Assignment - Reproduce the material that follows, please, but only from its first line to the line containing "European Style Horse", inclusive.

Input data -
--------------------------------
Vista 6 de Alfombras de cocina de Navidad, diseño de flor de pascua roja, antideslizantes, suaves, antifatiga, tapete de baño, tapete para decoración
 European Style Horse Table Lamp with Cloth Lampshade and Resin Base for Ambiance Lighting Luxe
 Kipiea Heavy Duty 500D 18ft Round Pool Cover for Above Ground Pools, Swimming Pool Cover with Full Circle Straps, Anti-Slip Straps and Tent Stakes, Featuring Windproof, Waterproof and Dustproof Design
--------------------------------
Reply -
Vista 6 de Alfombras de cocina de Navidad, diseño de flor de pascua roja, antideslizantes, suaves, antifatiga, tapete de baño, tapete para decoración
 European Style Horse Table Lamp with Cloth Lampshade and Resin Base for Ambiance Lighting Luxe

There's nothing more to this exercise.